If God was repeating Pentecost with Cornelius a non-Jew, then the implication was that the ‘everyone’ was not just restricted to Jews, it was literally everyone, Jew and Gentile.
The old way of looking at the world was no longer relevant. The old Jewish religious markers of the people of God: circumcision and food laws were no longer relevant now Christ had come and fulfilled the Law. Now it was those who called on the name of Jesus and so received the Spirit who were the true people of God.
Peter was not wrong to eat with Cornelius, the old rules were no longer relevant. Partygate was explained.
A Radical Welcome:
Yet, this was not just about defending Peter’s actions, this was about confirming a radical new perspective that goes to the heart of what Christianity is all about.
The radical welcome of Cornelius draws out the full implications of what Jesus had achieved through his death and resurrection and the sending of the Spirit.
Radical Salvation
First of all it underlines the radical nature of salvation through Jesus. Cornelius was told by the angel that Peter would bring him a message through which he would be saved and it was as Peter was preaching that the Holy Spirit was poured out on Cornelius and his household, in a way that fulfilled the Joel prophecy and so showed they were saved.
In other words, you did not have to be clean – in terms of the Old Testament Jewish regulations in order to be saved or receive the Holy Spirit. You were saved merely by hearing the message about Jesus and responding to it with repentance and faith.
Yes, that change of heart will show itself in terms of changed moral behaviour. The moral laws of the Old Testament were still relevant. After further debate on this issue in Acts 15, the church agrees that Christians do not need to be circumcised, but they do call them to steer clear of idolatry and sexual immorality two areas where Biblical morals and the morals of the ancient world differed most markedly.
Yet, salvation comes instantly with faith in Christ and commitment to live his way, the good works flow from salvation, they do not achieve it. This is radical salvation.

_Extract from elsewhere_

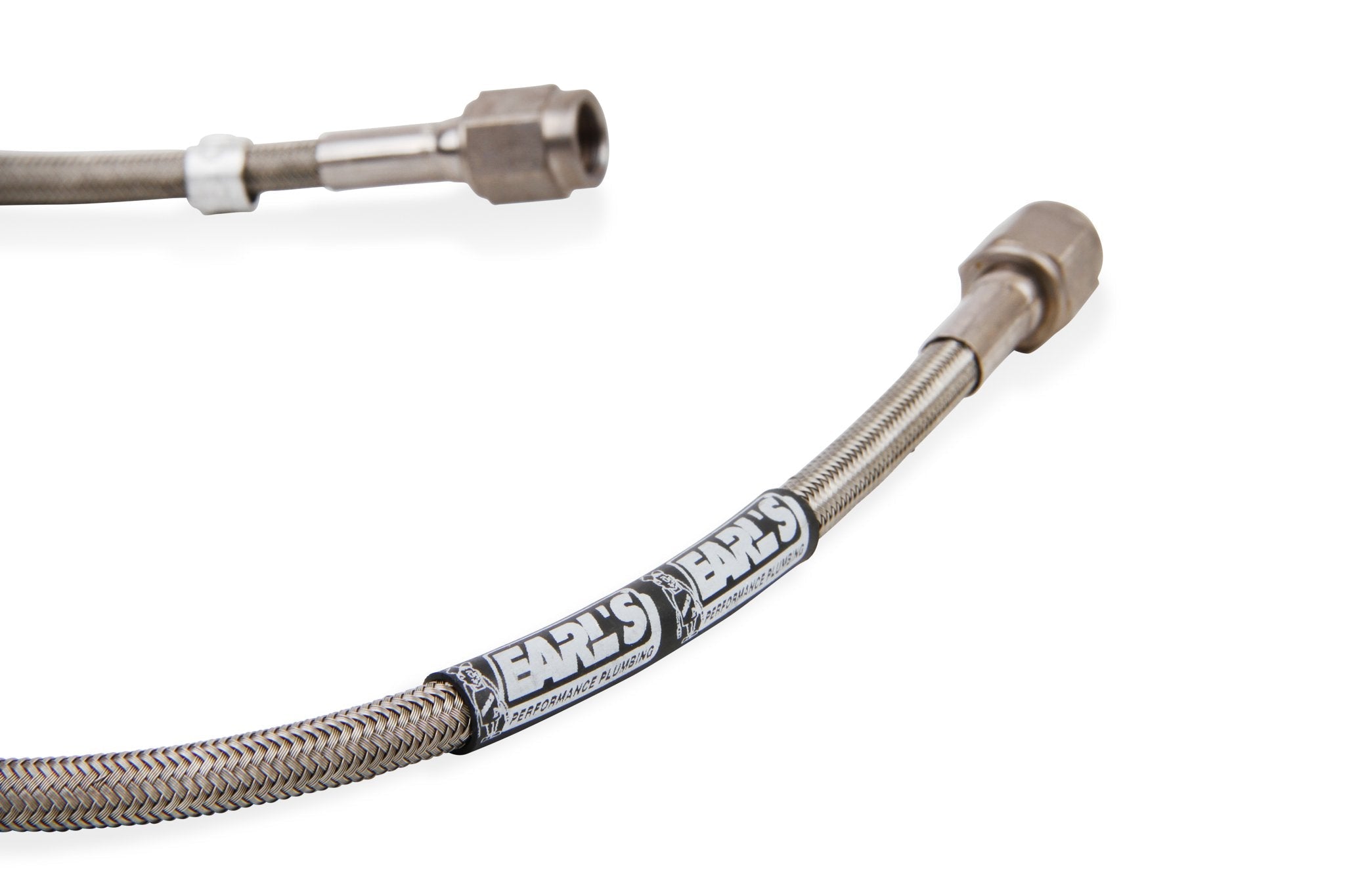 Earl's 63010136ERL image 3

Let’s be careful not to suggest or require that anything beyond faith in Christ and repentance is needed for salvation.
Radical Church
Secondly, this shows us that the church is a radical new community where the only identity that matters is to belong to Christ. All other identities become irrelevant to membership of the church. Paul expounded this in Galatians by saying,
“There is neither Jew nor Greek, slave nor free, male nor female, for you are all one in Christ Jesus.” (Galatians 3:28)
There will be people within the church who are radically different to you. If you have really grasped the difference Christ makes, this is something that should be celebrated as showing the incredible unity we have in Christ.
Radical Invitation
Thirdly, this reminds us that the invitation to come and follow Jesus is a radical invitation, because no-one should be left out of that invitation. It is easy to think that only people like us can become Christians or to imagine that whole groups of people should not really ever be invited to become Christians.

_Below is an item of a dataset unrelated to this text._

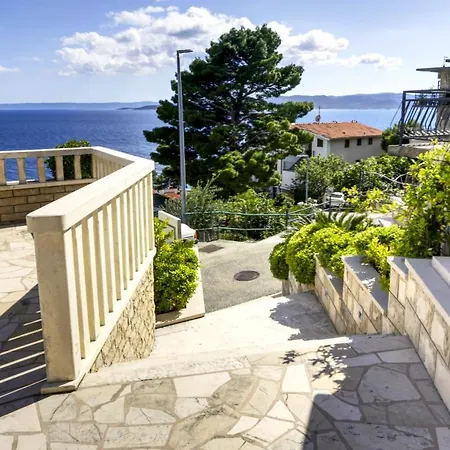 Lenka And Mate Ivanac * 브렐라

Yes, different groups may require different approaches, but no-one is outside of Christ’s invitation to salvation.
Ironically, in the light of our passage, today in an attempt to avoid anti-semitism, telling Jews about Jesus is often frowned upon. Yet, Jews are just as much invited to turn to Jesus as anyone else.
Conclusion:
Peter concludes his talk by saying, “… who was I to stand in God’s way.” If we make salvation about more than faith and repentance or fail to welcome or invite people that are different to us into the church, then the reality is we are standing in God’s way.